Leif Ove Andsnes has enchanted audiences with his musical elegance and amazing virtuosity for over 30 years. Czech melancholy and Beethoven’s second-to-last sonata are on the programme when he returns to the Main Stage.

The music of Janáček and Dvořák has followed Leif Ove Andsnes throughout his life after having studied with the Czech piano pedagogue Jiří Hlinka in Bergen. In addition to the star pianist’s Czech favourites, he will also be performing works by Ludwig van Beethoven and Alexander Vustin.  

 
An emotional affair 

Leoš Janáček was a passionate patriot. Sonata no. 1, also known as ‘From the Street’, was written in response to the murder by bayonet of a carpenter in broad daylight by Austrian soldiers.  

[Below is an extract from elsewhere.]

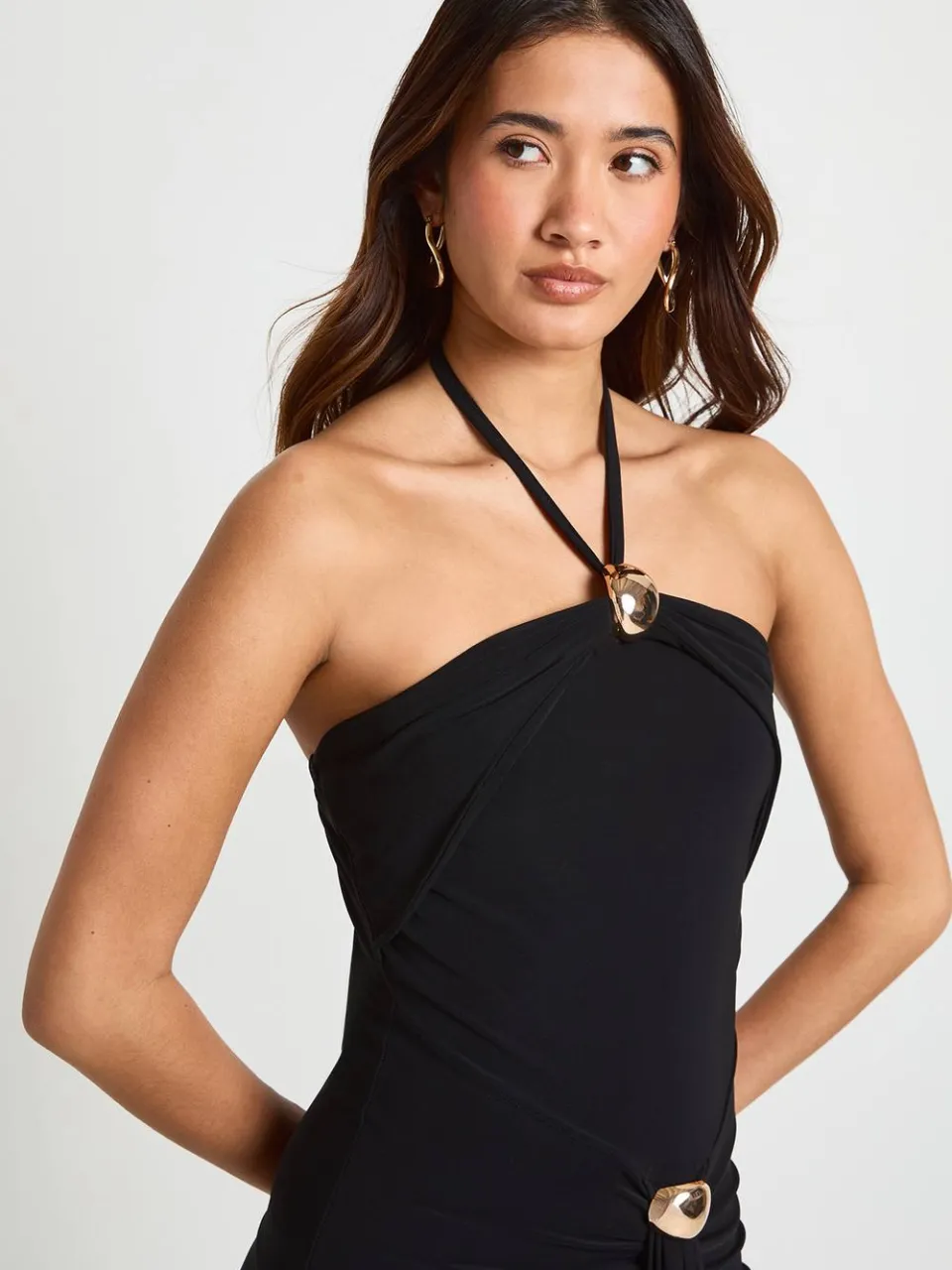 boohoo Dames Glanzende Maxi-jurk Met Gouden Details Halternek En Geplooid Voorpand, foto 2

The sonata originally had three movements, but riddled with doubt regarding the quality of the piece, Janáček tore out the third movement and burned it. After the premiere in 1906, he threw the entire work in the Vltava River. Regretting this immediately afterward, he described the sight of the music sheets floating down the river as reminiscent of swans.  

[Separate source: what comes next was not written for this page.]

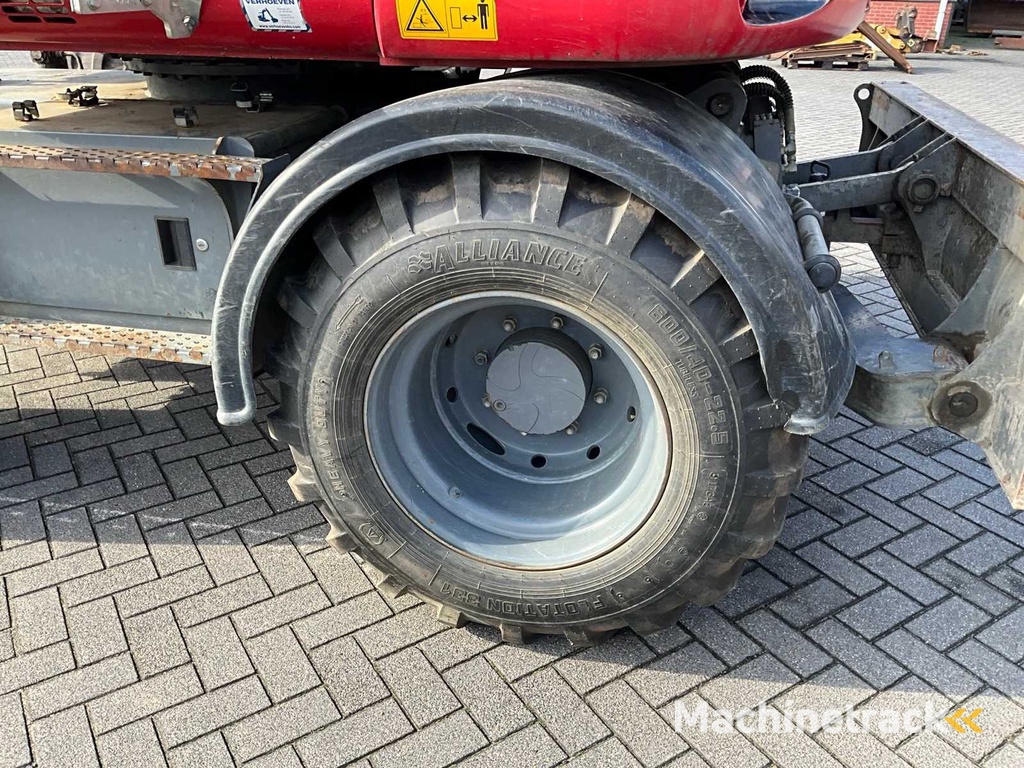 2015 Takeuchi TB295W Mobilbagger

Fortunately, the first pianist to perform the work was familiar with Janáček’s temperament and had secretly made two copies of the first movements. It was not until Janáček’s 70th birthday that she dared tell him about this and he consented to the publishing of the sonata as a two-movement work. 

Dvořák’s poetry 

Antonin Dvořák’s piano works are often overshadowed by his symphonies and chamber music. The spring of 1889 marked a turning point when he composed the large-scale piano cycle Poetic Tone Pictures. In it he explores a more poetic and descriptive tonal language, which he gradually also carries over to his symphonic works.   

Beethoven’s second-to-last  

A deaf Beethoven, alone at Christmas in 1821 and in despair on finding it easier to hear the tones in his imagination than on the piano, formed the backdrop for the composer’s second-to-last piano sonata.  

The condensed sonata he wrote during that time in his life, Op. 110, is as disturbing as it is genius. It reveals an artist impatiently drifting from idea to idea, with a simple and rhapsodic first movement – followed by a second movement full of explosivity and rhythmic elements. 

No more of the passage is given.